During the climb up Peterson Hollow, my lungs gave out. I'd been having some trouble with breathing since the first pass, but by mile seventy-one I sincerely believed that there was no longer enough oxygen in the air. I blamed altitude, but in hindsight, my breathing difficulties were more likely an combined effect of exhaustion and dehydration. Still, I was short of breath, gasping, and generally unable to speak in full sentences whenever we were climbing. Danni and I both felt good after our long rest at Logan River and she encouraged me to step it up a notch, which sounded like a great idea to me. But it only took about five minutes of determined running before the world started spinning and I felt the blackout effects of hypoxia. It took minutes of much slower walking to recover enough to even respond to Danni. I felt frustrated because my legs were regaining strength and I'd taped up my more troublesome blisters, so my feet were feeling better, too. But I couldn't breathe. What could I do about that?

As we neared Peterson Pass, a strong sense of familiarity cut through my flickering consciousness. The full moonlight sparkled on frosty sagebrush bushes, and in a far distances I could see the lights of Highway 89. "This ... is it!" I gasped at Danni. "This ... is the ... place where ... Beat ... gave me ... the rock!" I was certain of it. In 2010, Beat gave me a marble-veined stone that he picked up in Italy as he asked me whether I was interested in dating. I returned to the Bear 100 with this golfball-sized rock and carried it in my backpack through the entire race just so I could pull it out at this exact point, take a photograph, and bring the moment full circle. Danni had even joked that I might get a kiss if I was lucky (I didn't get a kiss from Beat in 2010 either, because, he confessed later, he felt sweaty and wretched.) But now, at this point in the night, with my lungs screaming for air and my exhausted mind frustrated by the diminished capabilities of my body, I just kept marching without stopping. I guess it's just as well. The moment was still beautiful, all the same.
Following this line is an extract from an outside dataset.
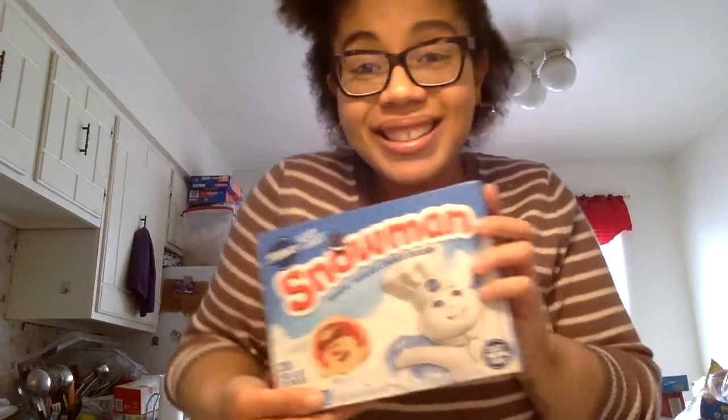Okay, on today's episode of Baking with Lily, we're gonna be doing these cookies, so hope you enjoy! It says bake 10 to 12 minutes — we're not doing that, we're gonna do six minutes and go from there, because we're not ending up with burnt cookies. That's a no for me.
At Beaver Lodge, I pulled off my shoes to assess the condition of my feet, and became distressed with the multitude of blisters. I know blisters are just blisters, but there were still twenty-four miles to go and I stressed about how much pain they were going to cause me in that distance. I again took much too long of a break as I carefully taped my feet, taking my time so I didn't just make things worse. As the second dawn emerged, Danni and I began the long slump of a climb to Beaver Creek Summit, with me still gasping for air and now griping about my hurty feet. The fun hours of the sleepover had ended. We were entering the grumpy consequences of a sleepless morning.

Danni, of course, kept a great attitude. She randomly broke out into song and invented lyrics about Advil, causing me to smile despite my sour mood. She joked that she had no doubt I was going to finish this thing because "my people" (the Mormons) were so good at suffering and hardship. The sun climbed higher and the day grew warmer. There still wasn't enough oxygen in the air; the only difference was now it was hot again.

I thought we'd never reach the final aid station, Ranger Dip, at mile 92. When we finally got there, I noticed a large white sheet of paper with instructions to mark down any racers who dropped from the race at that aid station. While I'd seen many names on previous sheets, this one had none. "I should drop out here," I remarked to Danni. "I'd be the first one!" I was joking, sort of. But the truth is, I almost would have rather taken a DNF in the Bear 100 than run the last eight miles. I knew what lied ahead, and I was sure those miles promised only hardship and pain. Of course, you can't drop out at mile 92 of a hundred-miler, pretty much no matter what. That's the rub of committing to these things and then dragging your friend into the madness.

We launched up a climb called "Lift-Off," by far the steepest ascent of the course on a near-vertical jeep track. As we trudged up to "Gates of Paradise" — the final pass — I expressed my trepidation. "I could climb like this all day," I lamented. "But that descent on the other side is soul-crushing."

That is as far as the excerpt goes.